Stein selbst brennt. Das haben die Romantiker dargestellt: Den Unterschied zwischen belebten und unbelebten Gegenständen lösten die Romantiker auf. Zumindest Adalbert Stifter. Er hat Gegenstände, Bäume, Steine so beschrieben, als wären sie lebendige Dinge. Und menschliche Beziehungen hat er so beschrieben, als ob sie tot wären, als wären sie Stein. Stifter hat den mühelosen Übergang vom Unbelebten zum Belebten beschrieben. Er hat das Belebte zum Unbelebten erklärt, und das Unbelebte zum Belebten. Das ist das Interessante bei Stifter, er ist ja kein Biedermeier-Dichter, wie viele meine. Er geht viel tiefer.

Diese Empfindung habe ich bei Ihren Gemälden auch: Sand, Asche, Stein sind Leben.

Kiefer:

Ja, richtig. Es ist einfach limitiert, wenn man denkt, nur was lebt, lebt. Ein Stein lebt auch. Das habe ich vor allem bei Stifter gefunden. Deswegen hat mich Stifter immer fasziniert, entgegen jeder Meinung, er sei ein Biedermeier-Dichter und unlesbar. Stifter hat den Dingen den Wert gegeben. Das verstehe ich darunter, dass ich den Geist in der Materie entdecke. Diesen Gedanken sehe ich vor allem bei Stifter. Insofern kann man sagen, Stifter war ein Romantiker im philosophischen Sinn, nicht im Biedermeier-Sinn.

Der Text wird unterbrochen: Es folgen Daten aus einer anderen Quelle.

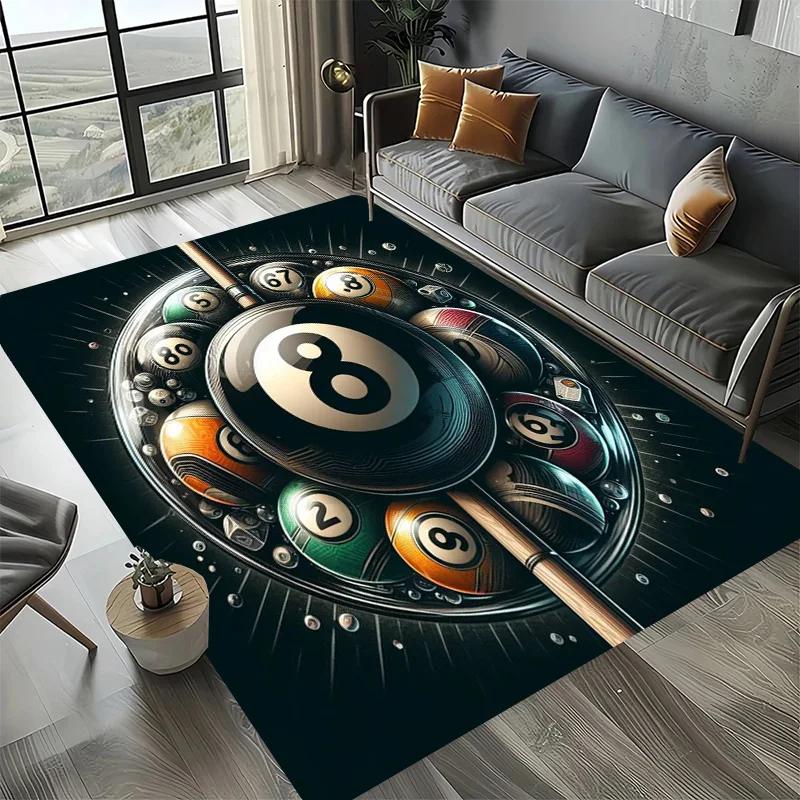 Large Washable Area Rug with Black Pool Ball 8 Design, Non-Slip Sofa Kitchen Toilet Carpet for Living Room Decoration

Sie haben eine besondere Affinität zu Gebirgen im Salzburger Land.

Kiefer:

Ich war immer fasziniert von Felsen. Es gibt, glaube ich, in Hans Henny Jahnns Roman-Trilogie "Fluss ohne Ufer" Passagen, in denen er auf mehreren Seiten einen Gang durch eine Felsenlandschaft beschreibt. Das ist fast wie bei Stifter, der das anders beschreibt. Diese Leidenschaft, die sich in Jahnn für diese Felsen entzündet, als ob sie leben würden. Die Felsen-Gemälde sind neue Anfänge. Zum Teil haben Sie Flügel und fliegen weg, oder es kommt Feuer aus ihnen.

Die Übergänge von einem Seinszustand in einen anderen finde ich zentral in Ihrer Arbeit.

Kiefer:

Die ständige Umwandlung von allem beschäftigt mich. Am augenfälligsten bei Gebirgen, aber das ist die banalste Erscheinung, wenn ein Gebirge abgetragen und ins Meer getragen wird. Aber es gibt die Umwandlung auch auf ganz anderen Ebenen, bei Photonen, die von der Sonne ankommen, die Lichtstrahlen, die sich in Wärme verwandeln, die Lichtpunkte, die Wellen.

Sich dem Prozess der Verwandlung anheim zu geben - Sehen Sie so Ihre Arbeit?

Kiefer:

Das ist, wenn man so will, meine Art von Mimesis. Mimesis nicht als Art Nachahmung eines Gesichts oder eines Gegenstands, sondern Mimesis als Nachahmung dessen, was ich als Grundbewegung der Welt sehe.